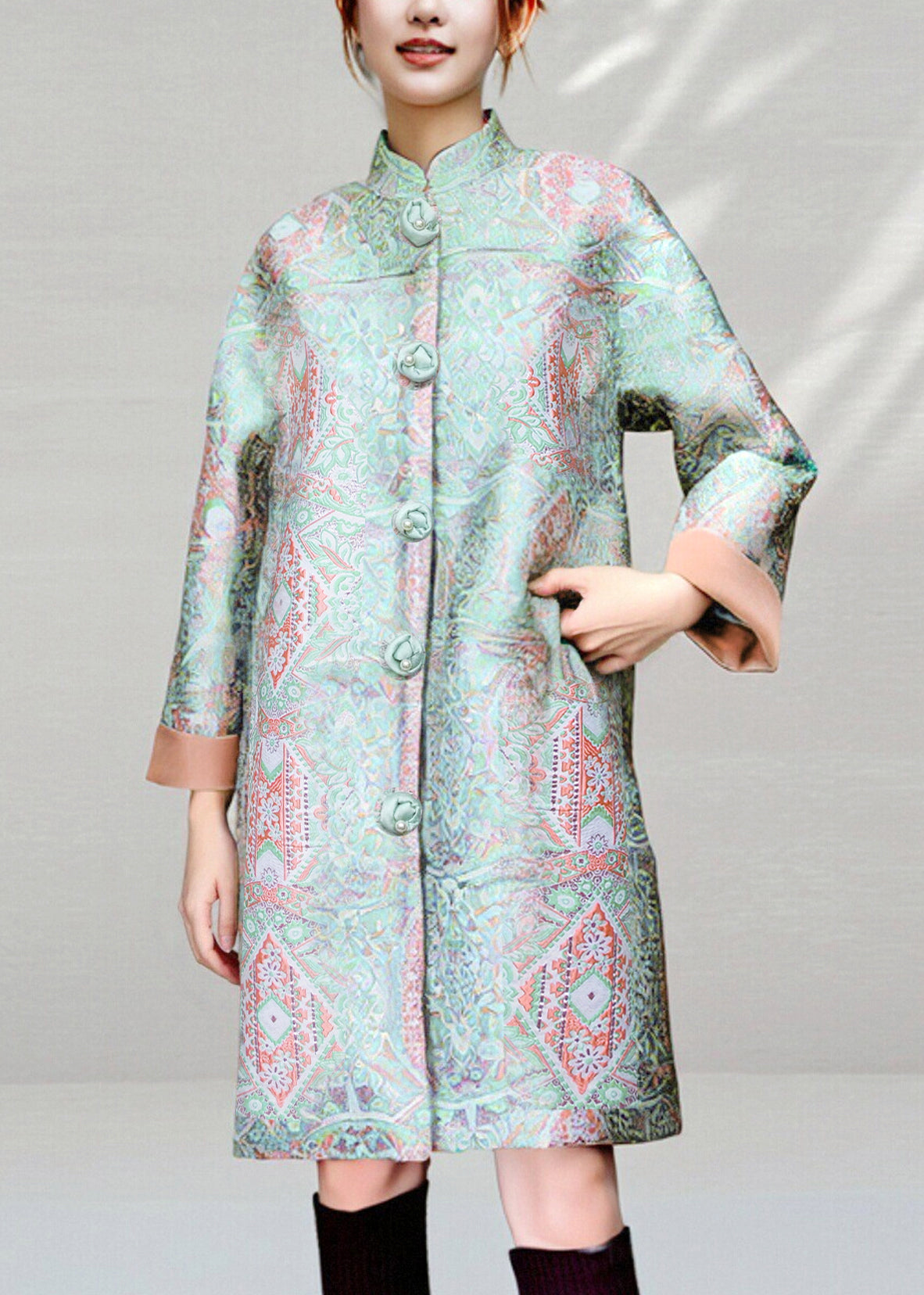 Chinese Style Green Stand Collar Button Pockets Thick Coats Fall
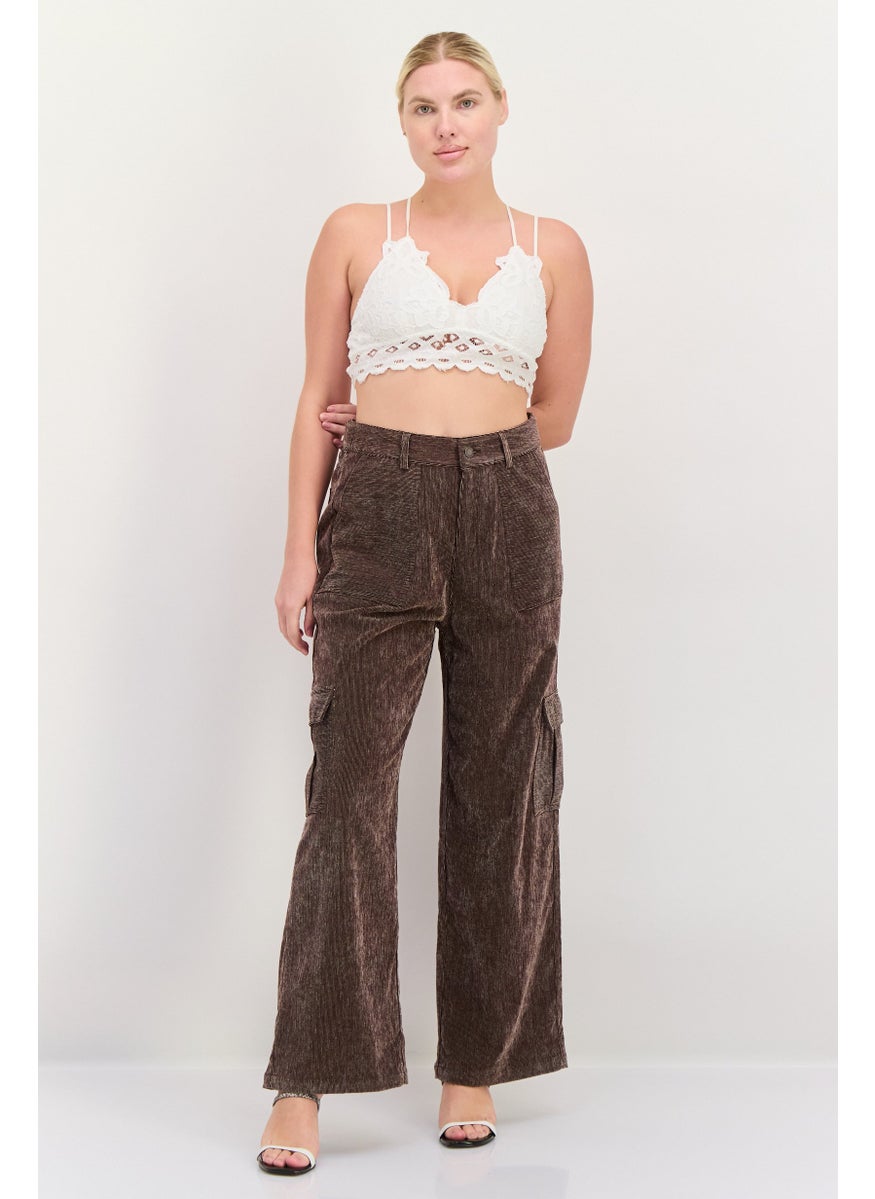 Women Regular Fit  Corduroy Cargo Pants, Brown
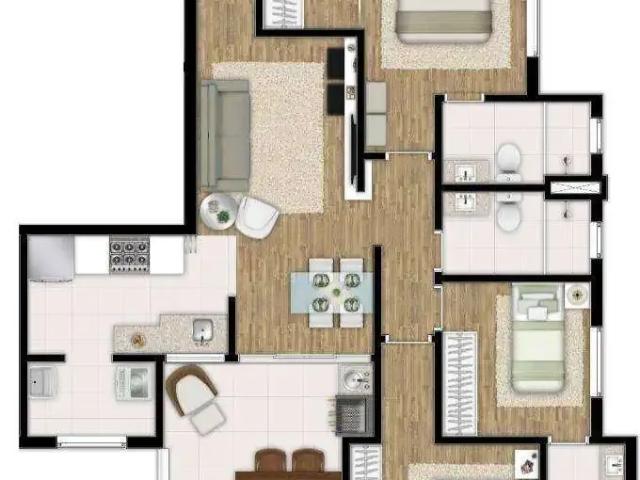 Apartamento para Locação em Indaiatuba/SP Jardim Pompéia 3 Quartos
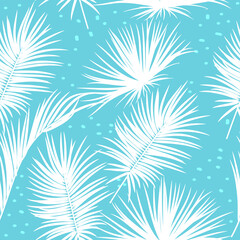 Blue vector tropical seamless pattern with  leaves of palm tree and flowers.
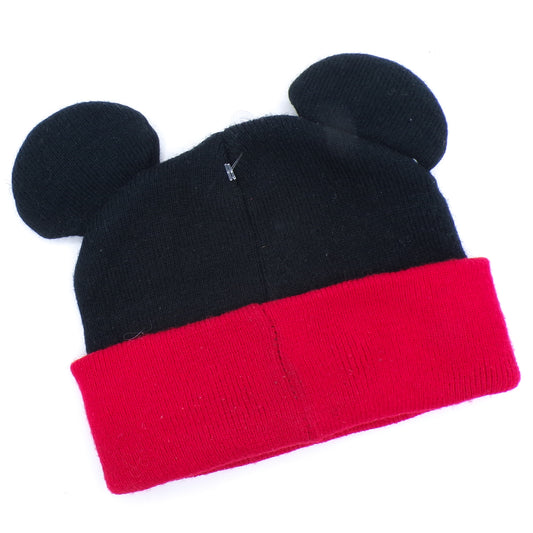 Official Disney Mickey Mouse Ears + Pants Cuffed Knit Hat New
= = =
• Exercise details
Restate, word for word, each line from the one with "Blue vector tropical" to the end of the entries, both included, and keep every picture out.

• Task solution
 Blue vector tropical seamless pattern with  leaves of palm tree and flowers.
 Official Disney Mickey Mouse Ears + Pants Cuffed Knit Hat New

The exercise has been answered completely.